Here is my code for generating the string and the suffix tree.

import random

def get_string(length):
    string=""
    for i in range(length):
        string += random.choice("ATGC")
    return string

word=get_string(4**4)+"$"

def suffixtree(string):
    for i in xrange(len(string)):
        if tree.has_key(string[i]):
            tree[string[i]].append([string[i+1:]][0])
        else:
            tree[string[i]]=[string[i+1:]]
    return tree

tree={}
suffixtree(word)

When I get up to around 4**8, I run into severe memory problems. I'm rather new to this so I'm sure I'm missing something with storing these things. Any advice would be greatly appreciated.

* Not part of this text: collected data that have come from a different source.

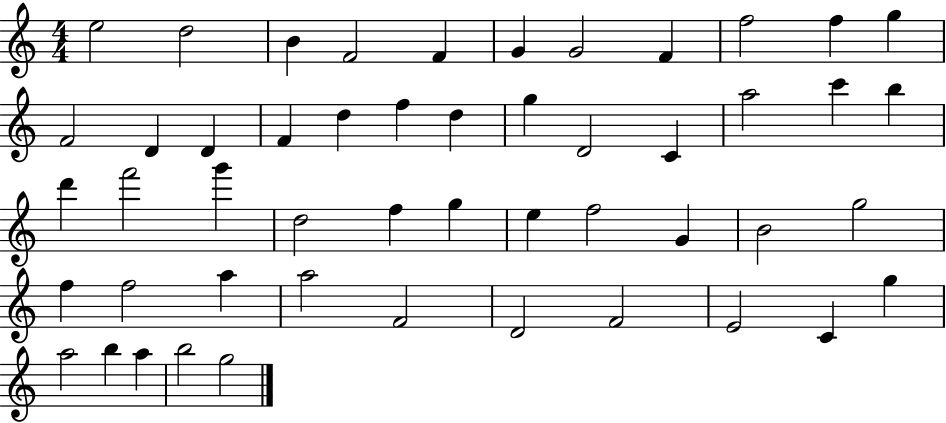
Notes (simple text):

E5/h D5/h B4/q F4/h F4/q G4/q G4/h F4/q F5/h F5/q G5/q F4/h D4/q D4/q F4/q D5/q F5/q D5/q G5/q D4/h C4/q A5/h C6/q B5/q D6/q F6/h G6/q D5/h F5/q G5/q E5/q F5/h G4/q B4/h G5/h F5/q F5/h A5/q A5/h F4/h D4/h F4/h E4/h C4/q G5/q A5/h B5/q A5/q B5/h G5/h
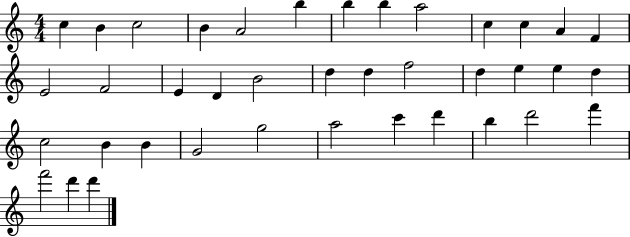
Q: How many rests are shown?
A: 0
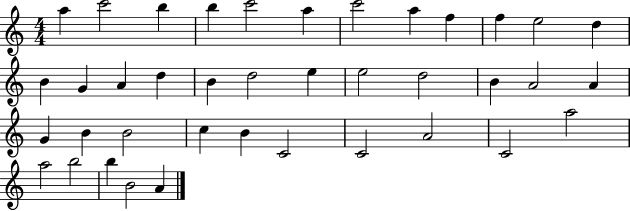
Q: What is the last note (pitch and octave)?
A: A4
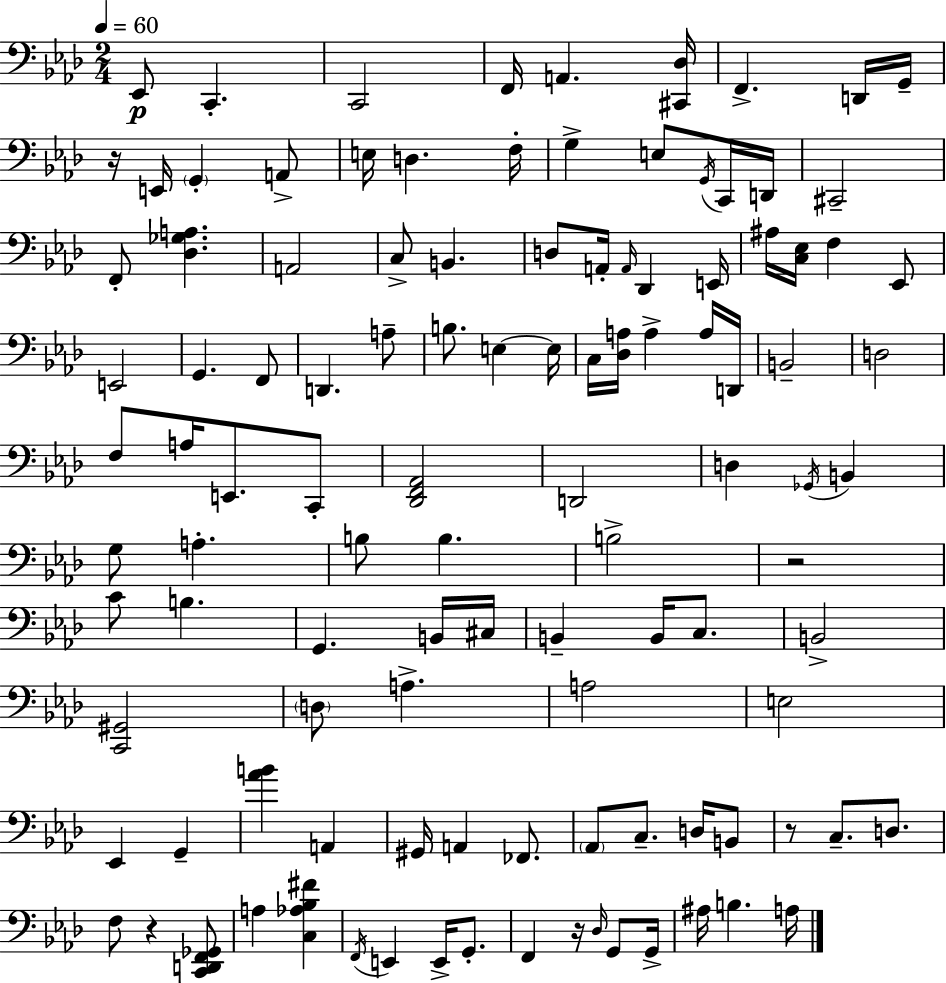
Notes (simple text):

Eb2/e C2/q. C2/h F2/s A2/q. [C#2,Db3]/s F2/q. D2/s G2/s R/s E2/s G2/q A2/e E3/s D3/q. F3/s G3/q E3/e G2/s C2/s D2/s C#2/h F2/e [Db3,Gb3,A3]/q. A2/h C3/e B2/q. D3/e A2/s A2/s Db2/q E2/s A#3/s [C3,Eb3]/s F3/q Eb2/e E2/h G2/q. F2/e D2/q. A3/e B3/e. E3/q E3/s C3/s [Db3,A3]/s A3/q A3/s D2/s B2/h D3/h F3/e A3/s E2/e. C2/e [Db2,F2,Ab2]/h D2/h D3/q Gb2/s B2/q G3/e A3/q. B3/e B3/q. B3/h R/h C4/e B3/q. G2/q. B2/s C#3/s B2/q B2/s C3/e. B2/h [C2,G#2]/h D3/e A3/q. A3/h E3/h Eb2/q G2/q [Ab4,B4]/q A2/q G#2/s A2/q FES2/e. Ab2/e C3/e. D3/s B2/e R/e C3/e. D3/e. F3/e R/q [C2,D2,F2,Gb2]/e A3/q [C3,Ab3,Bb3,F#4]/q F2/s E2/q E2/s G2/e. F2/q R/s Db3/s G2/e G2/s A#3/s B3/q. A3/s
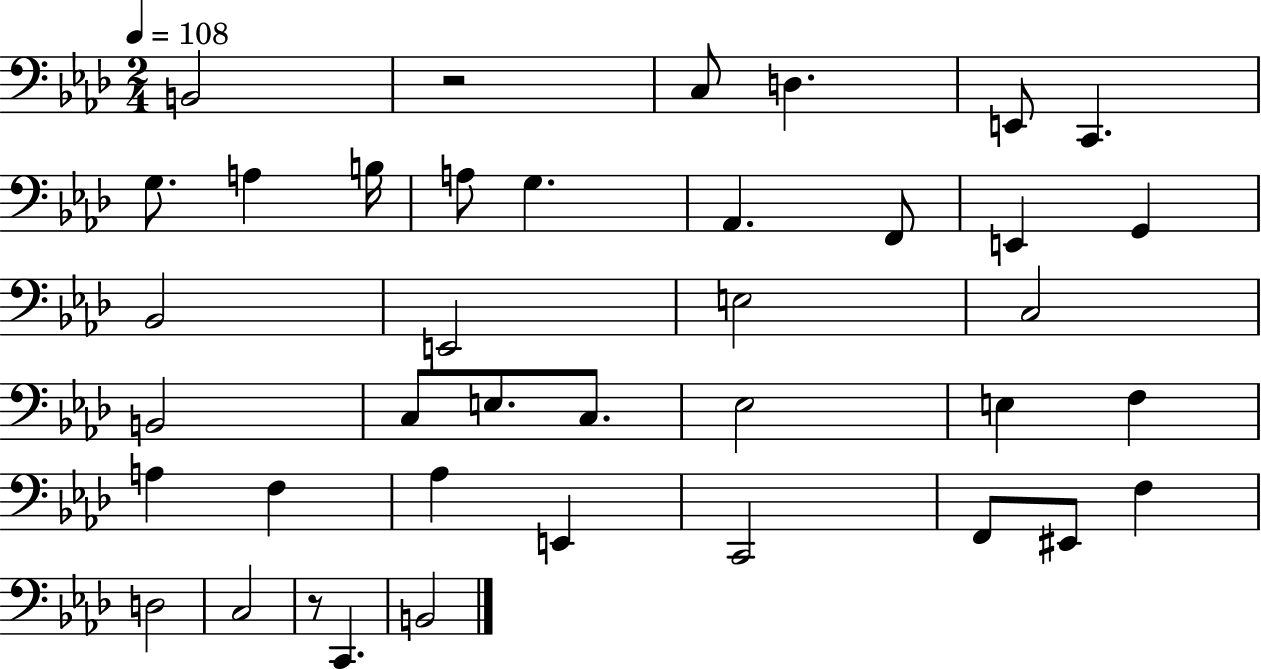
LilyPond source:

{
  \clef bass
  \numericTimeSignature
  \time 2/4
  \key aes \major
  \tempo 4 = 108
  b,2 | r2 | c8 d4. | e,8 c,4. | \break g8. a4 b16 | a8 g4. | aes,4. f,8 | e,4 g,4 | \break bes,2 | e,2 | e2 | c2 | \break b,2 | c8 e8. c8. | ees2 | e4 f4 | \break a4 f4 | aes4 e,4 | c,2 | f,8 eis,8 f4 | \break d2 | c2 | r8 c,4. | b,2 | \break \bar "|."
}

As a note: I want to do string searching to look for matching strings in a very large string. The search string match size is 16. So, this would look for a string of size 16 within a large string, and then move onto the next string and perform another search. Since I'll be doing a very large number of searches, a suffix tree was suggested.

Many thanks

Solution

As others have said already, the data structure you are building is not a suffix tree. However, the memory issues stem largely from the fact that your data structure involves a lot of explicit string copies. A call like this

string[i+1:]

creates an actual (deep) copy of the substring starting at i+1.

If you are still interested in constructing your original data structure (whatever its use may be), a good solution is to use buffers instead of string copies. Your algorithm would then look like this:

def suffixtree(string):
    N = len(string)
    for i in xrange(N):
        if tree.has_key(string[i]):
            tree[string[i]].append(buffer(string,i+1,N))
        else:
            tree[string[i]]=[buffer(string,i+1,N)]
    return tree

I tried this embedded in the rest of your code, and confirmed that it requires significantly less then 1 GB of main memory even at a total length of 8^11 characters.

Note that this will likely be relevant even if you switch to an actual suffix tree. A correct suffix tree implementation will not store copies (not even buffers) in the tree edges; however, during tree construction you might need a lot of temporary copies of the strings. Using the buffer type for these is a very good idea to avoid putting a heavy burden on the garbage collector for all the unnecessary explicit string copies.